-- Opening Marker --

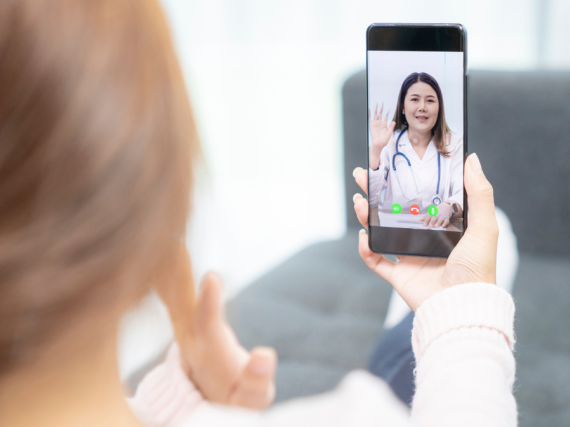 A photo of the back of a woman's head looking over her shoulder to see a health care provider on the phone in her hand. 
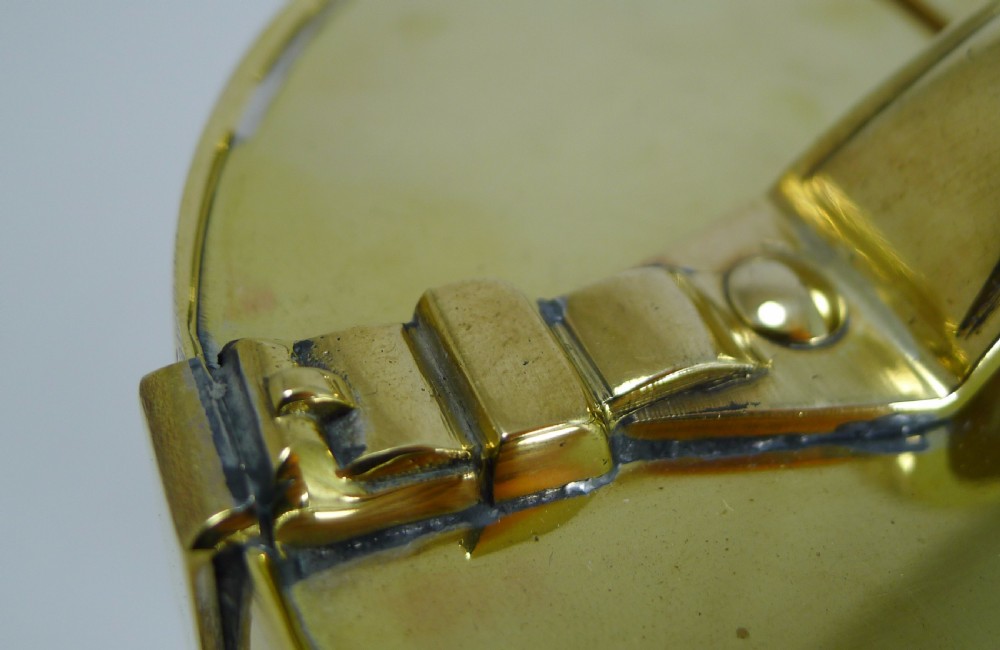 A polished brass novelty biscuit box fashioned in the shape of a hat box with a top handle, latch fastening, and accompanying small padlock with key. View IX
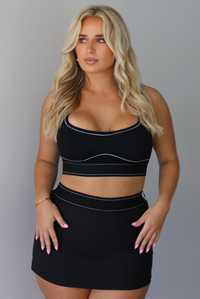 A blonde woman modeling a black two-piece activewear set consisting of a scoop-neck sports bra and a high-waisted mini skirt, both featuring thin white contrast piping details, indoors against a white wall.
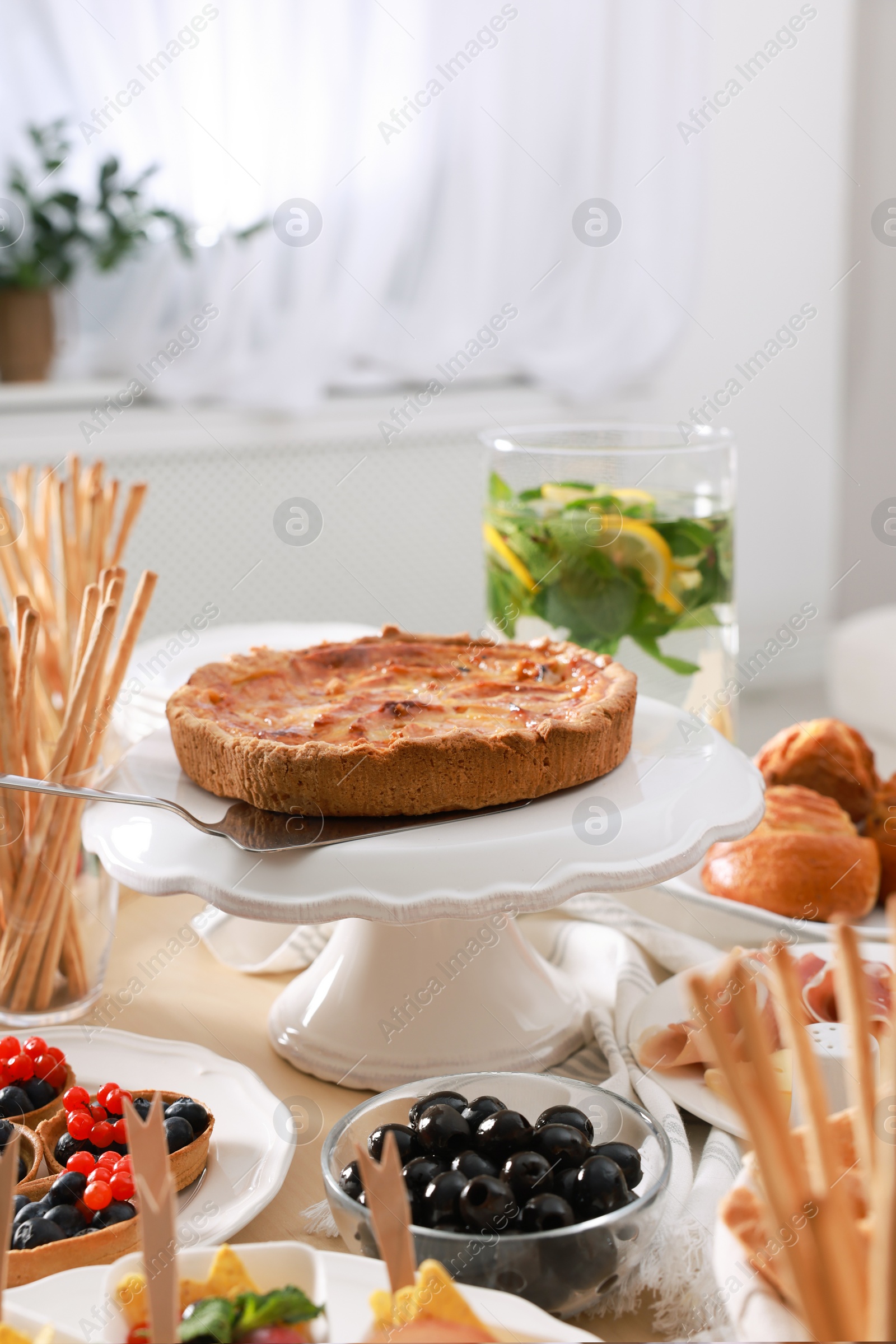 Photo of Dishes with different food on table in room. Luxury brunch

-- Closing Marker --

Problem to work on → Copy out all the data exactly. No images belong in the copy.

Finished exercise →
 A photo of the back of a woman's head looking over her shoulder to see a health care provider on the phone in her hand. 
 A polished brass novelty biscuit box fashioned in the shape of a hat box with a top handle, latch fastening, and accompanying small padlock with key. View IX
 A blonde woman modeling a black two-piece activewear set consisting of a scoop-neck sports bra and a high-waisted mini skirt, both featuring thin white contrast piping details, indoors against a white wall.
 Photo of Dishes with different food on table in room. Luxury brunch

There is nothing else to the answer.